Com o resultado da semana passada, o déficit da balança comercial acumulado neste ano caiu para US$ 5,109 bilhões, contra US$ 5,392 bilhões registrados até o fim de maio. No exercício, as exportações somaram US$ 98,656 bilhões e as importações, US$ 103,765 bilhões.

No mesmo período de 2012, a balança comercial brasileiro registrava resultado positivo de US$ 6,563 bilhões. O déficit este ano, no entanto, é influenciado pelo registro em atraso de US$ 4,5 bilhões de importações da Petrobras. As operações ocorreram no ano passado, mas só foram incorporadas ao saldo comercial de janeiro a maio.

Pelo critério da média diária, as exportações em junho cresceram 10,9% em relação à primeira semana de junho de 2012. Os destaques foram os embarques de bens primários, que somaram US$ 586,5 milhões pela média diária, com alta de 25,3%. O crescimento foi impulsionado por milho em grão, farelo de soja, carne, petróleo, arroz e soja em grão.
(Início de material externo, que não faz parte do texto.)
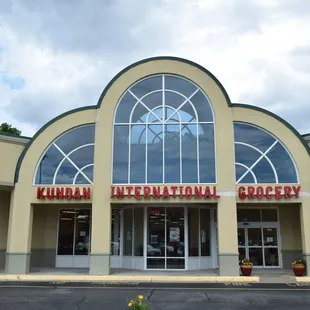 the front of the store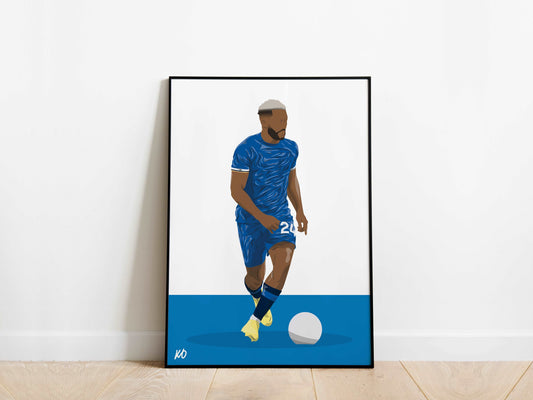 Reece James 23/24 Chelsea Poster - KDDesigns6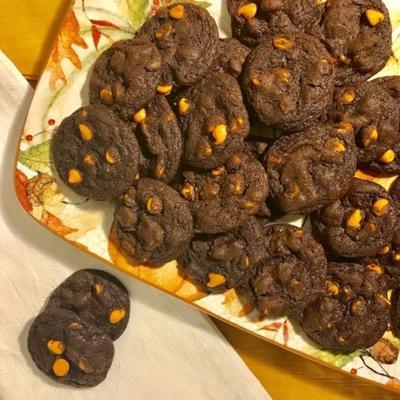 chocolade pompoen chip cookies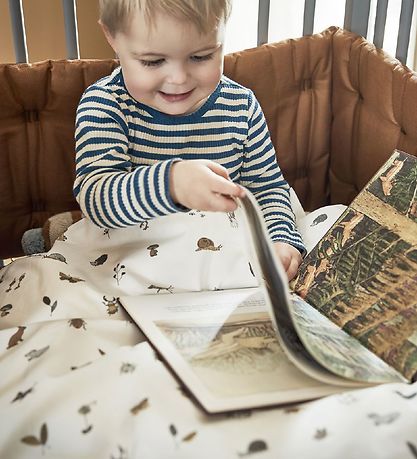Leander Sengetøj - Junior - Forest - Cappucino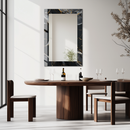 Mirror Black Grey and Gold Marble Pattern on UV Printed Glass – Elegant Decorative Wall Mirror-KAFCDM004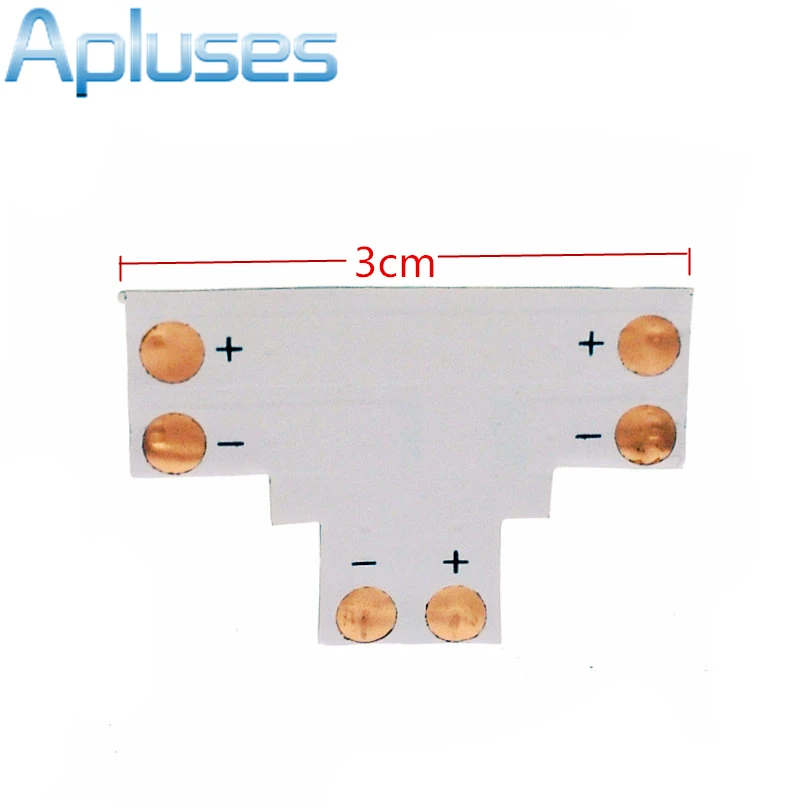 2pin LED разъем t образный угол для 10 мм 5050 полосы света|connector box|connector standardconnector automotive |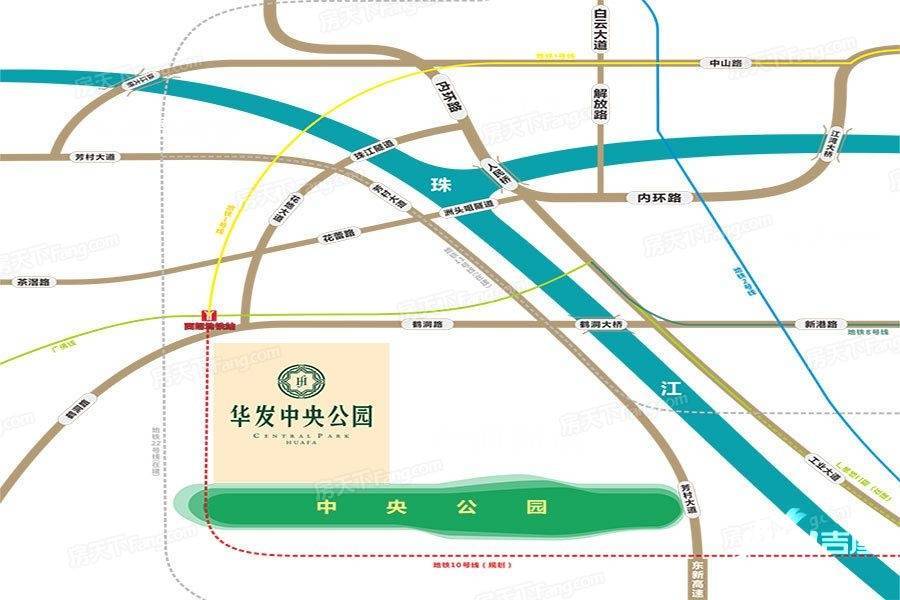 华发中央公园位置交通图图片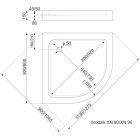 Intro 90 íves zuhanykabin XN tálcával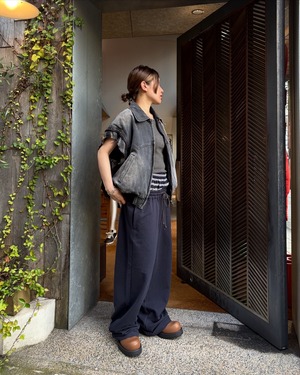 【26AW】WE11DONE ウェルダン / デニムベスト / BLACK WESTERN DENIM BLOUSON VEST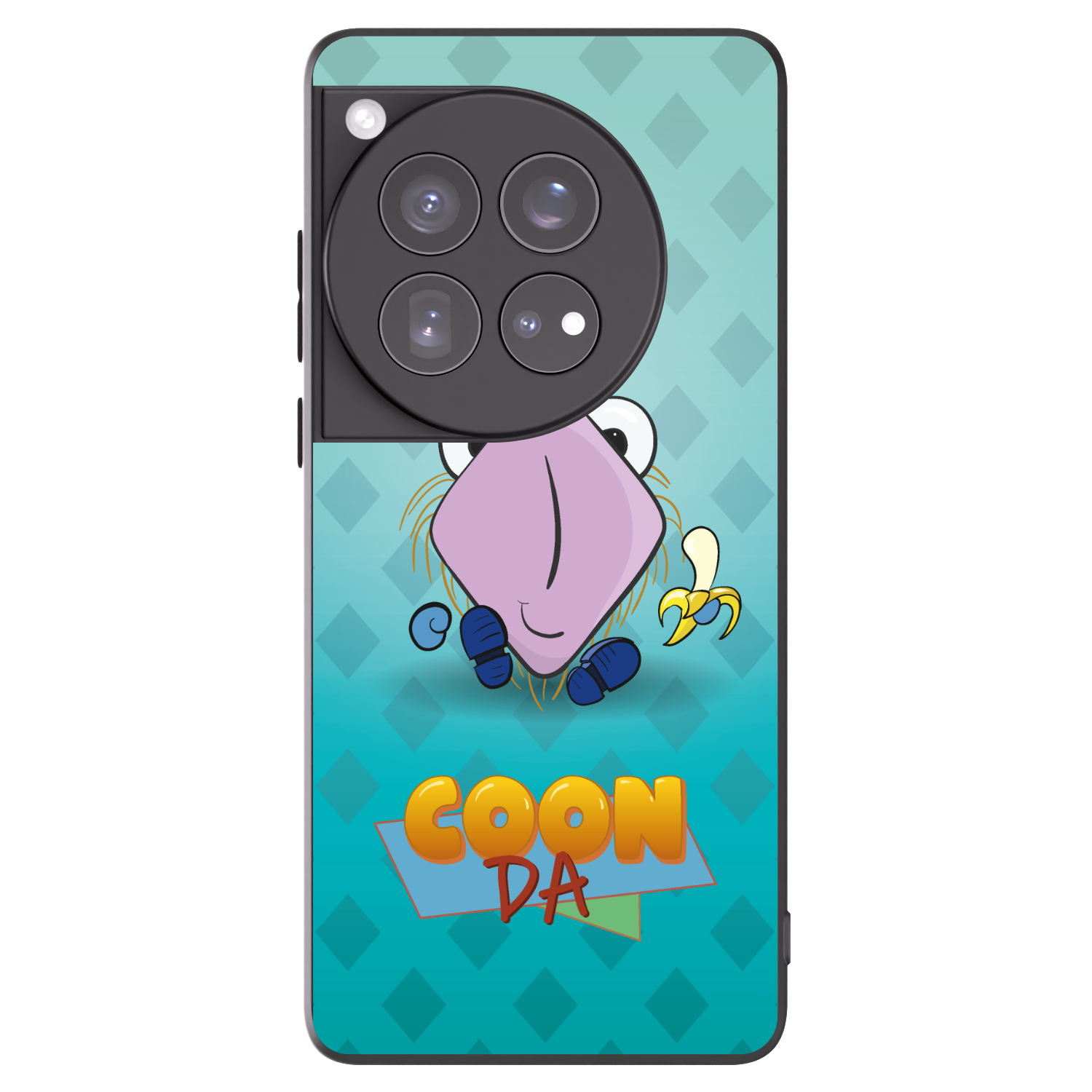 Picasee silikonový černý obal pro OnePlus 12 5G - COONDA chlupatka světlá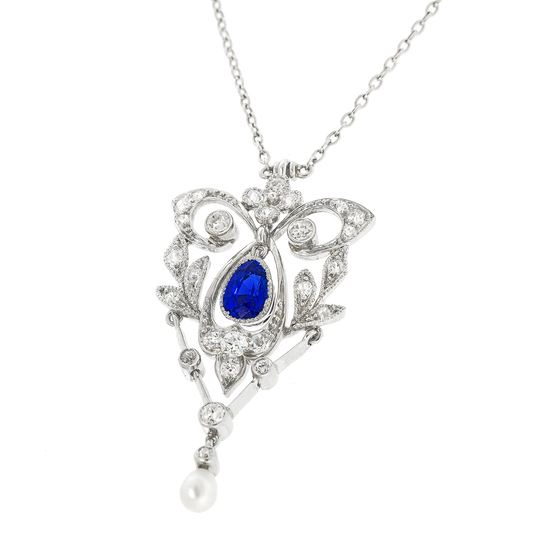 #26997 - Elegant Edwardian Platinum Lavaliere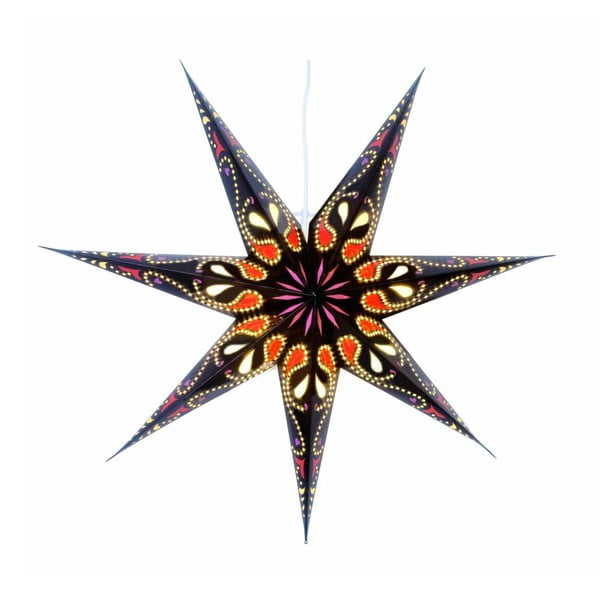 Závěsná svítící hvězda Siri Black, 70 cm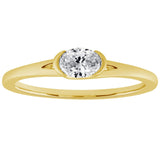 14 KT Oval Shape Yellow Gold Diamond Ring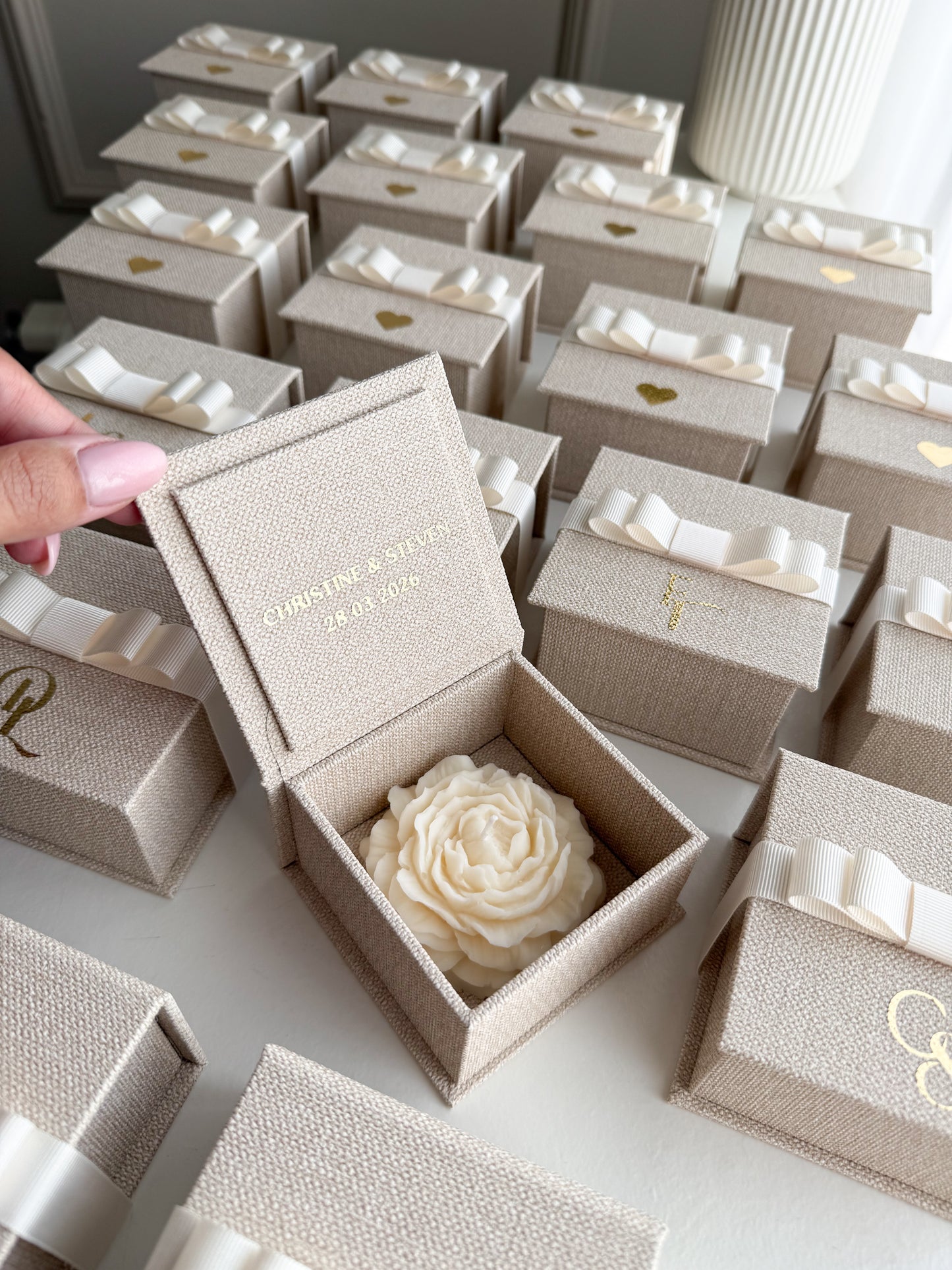 Vela Pequena Perfumada em Caixa Premium Personalizada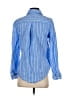Lulus 100% Cotton Stripes Blue Long Sleeve Button-Down Shirt Size XS - photo 2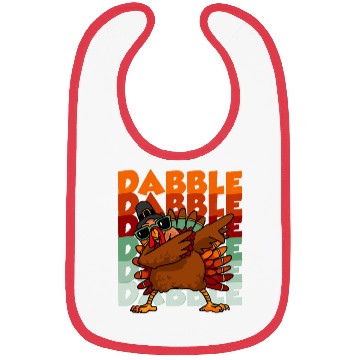 Discover Dabbing Turkey Bibs Thanksgiving Dabble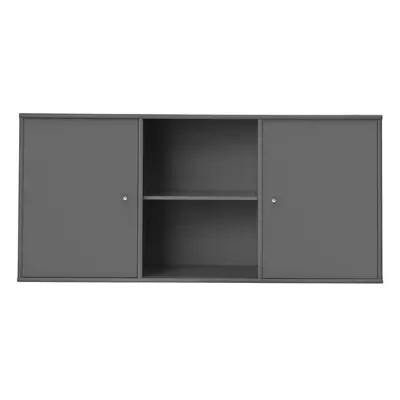 Antracytowa niska komoda wisząca 133x61 cm Mistral – Hammel Furniture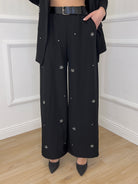Pantalone Gabardine Gioiello 684018 Nero - Bazar Abbigliamento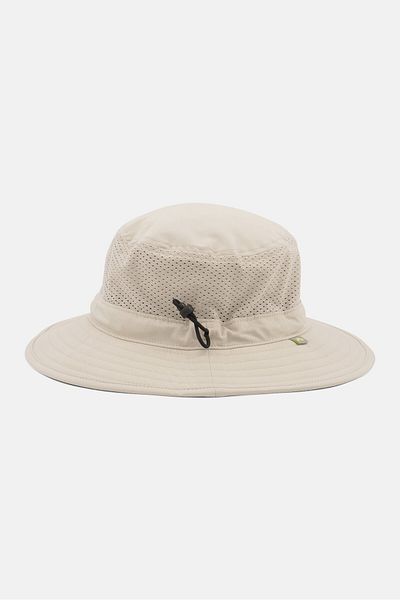 Solar Escape Men Plain Bucket Hat, Beige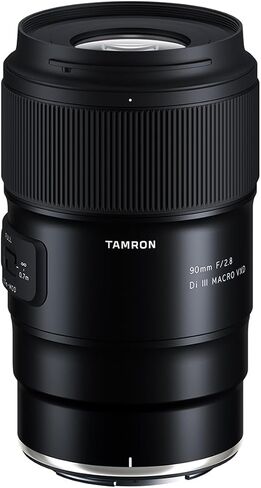 Tamron 90mm f/2.8 Di III VXD Macro Lens for Nikon Z, Full-Frame, Bundle with 67mm UV/CPL/ND2 Filter Kit, Lens Case, Lens Pen, Cap Tether, Cleaning Cloth & 6-Year Warranty in Kuwait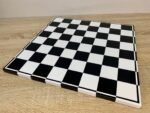 Classic Chess board "Black & White" Premium quality, Super glossy - Image 8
A média diária das exportações de semimanufaturados aumentou 12,2%. No entanto, a venda de produtos industrializados caiu 6,7% pela média diária na mesma base de comparação.

As importações continuaram a crescer na semana passada, mas em ritmo menor do que as exportações. Nos cinco primeiros dias úteis de junho, as compras no exterior aumentaram 9,6% pela média diária. Farmacêuticos ( 56,9%), automóveis e componentes ( 54,6%) e aparelhos eletroeletrônicos ( 35,6%) puxaram o crescimento.

Apesar do desempenho da semana passada, as importações continuam crescendo mais do que as exportações neste ano. De acordo com o ministério, as compras externas aumentaram 10,2% no acumulado do ano pela média diária. As exportações brasileiras, no entanto, caíram 2,2%.